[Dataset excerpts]
•••••

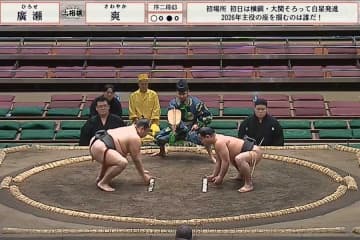 大相撲の土俵で突然、ベテラン力士へ気遣い「優しい」　25歳若手のジェスチャーに広がる喝采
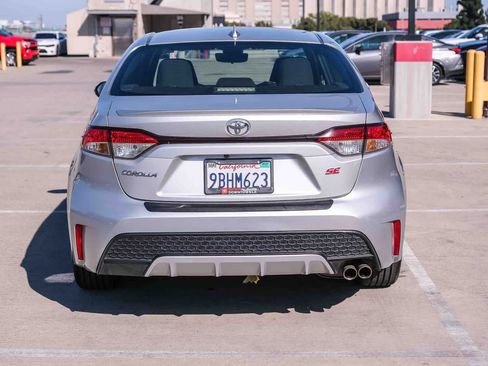 Certified 2022 Toyota Corolla SE FWD image 5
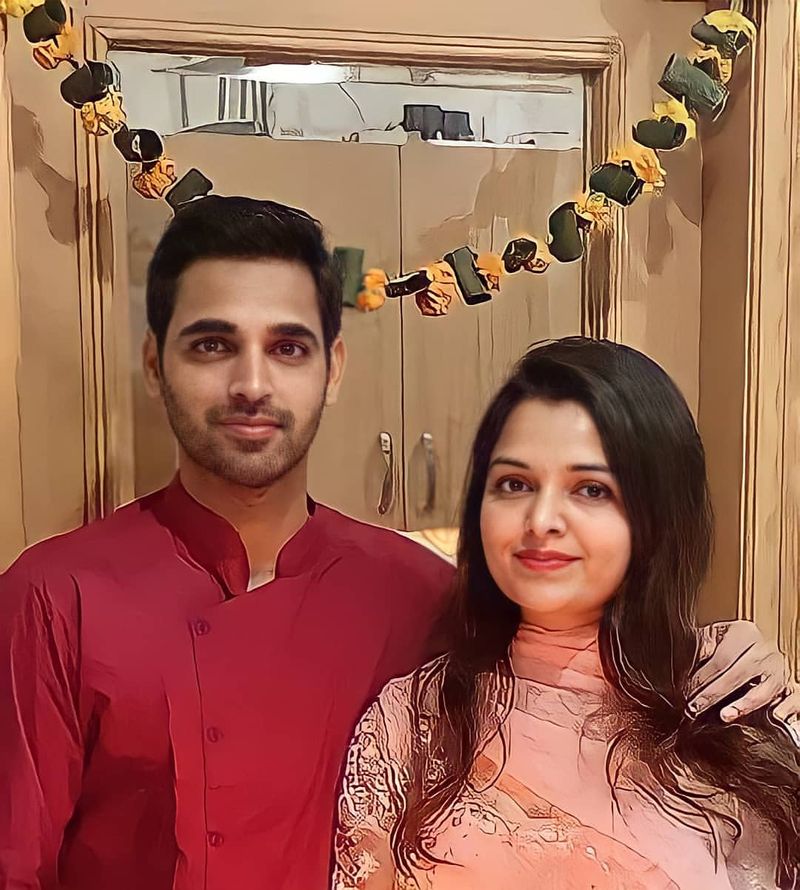 భారత క్రికెటర్, సన్రైజర్స్ హైదరాబాద్ ప్లేయర్ భువనేశ్వర్ కుమార్, నుపూర్ నగర్ ఇన్స్టాగ్రామ్ ఫోటోలు...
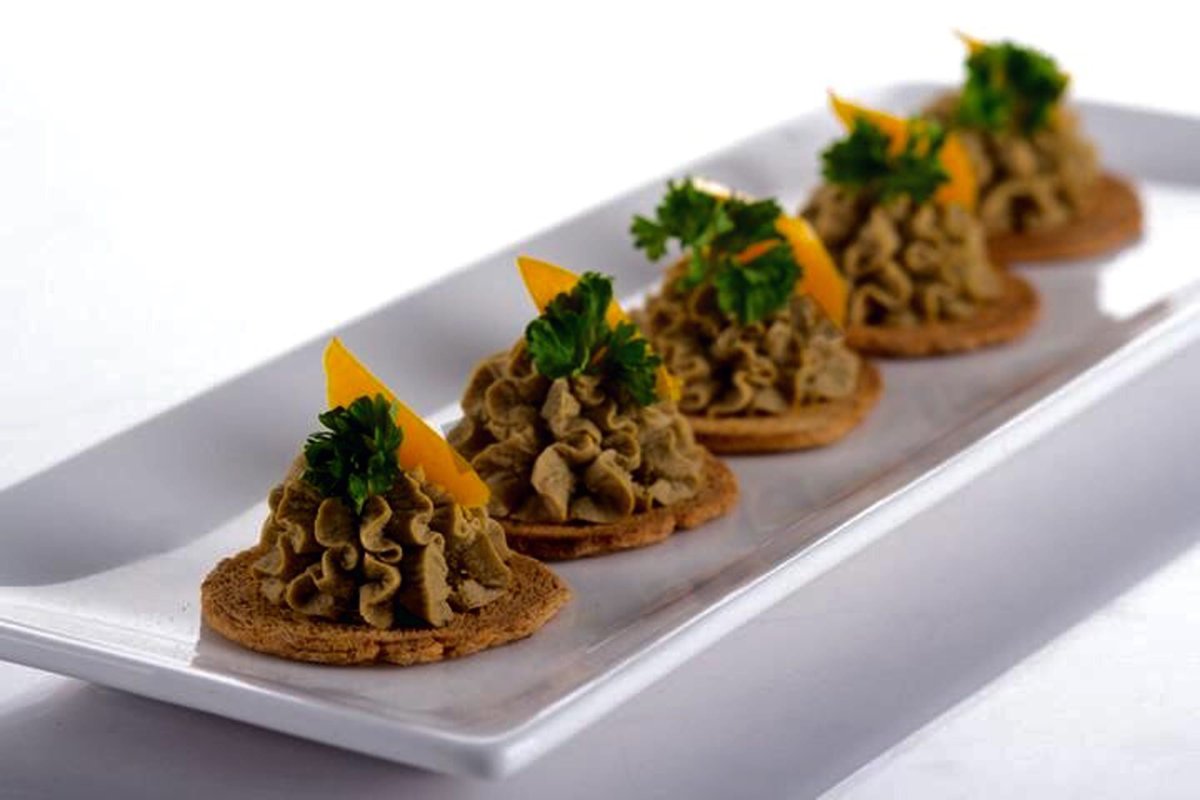 Бутерброды с печенью трески на праздничный стол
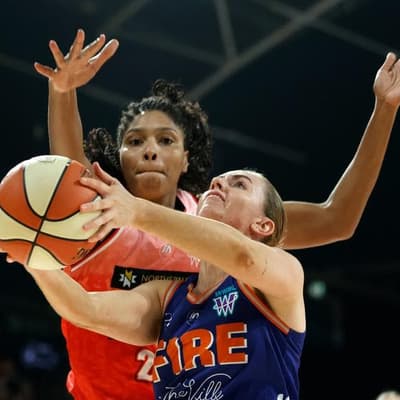 Fire escape Perth thriller to cement top spot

•••••

◆ Problem details
Would you return the entries verbatim, minus any images?

◆ Result
 大相撲の土俵で突然、ベテラン力士へ気遣い「優しい」　25歳若手のジェスチャーに広がる喝采
 Certified 2022 Toyota Corolla SE FWD image 5
 భారత క్రికెటర్, సన్రైజర్స్ హైదరాబాద్ ప్లేయర్ భువనేశ్వర్ కుమార్, నుపూర్ నగర్ ఇన్స్టాగ్రామ్ ఫోటోలు...
 Бутерброды с печенью трески на праздничный стол
 Fire escape Perth thriller to cement top spot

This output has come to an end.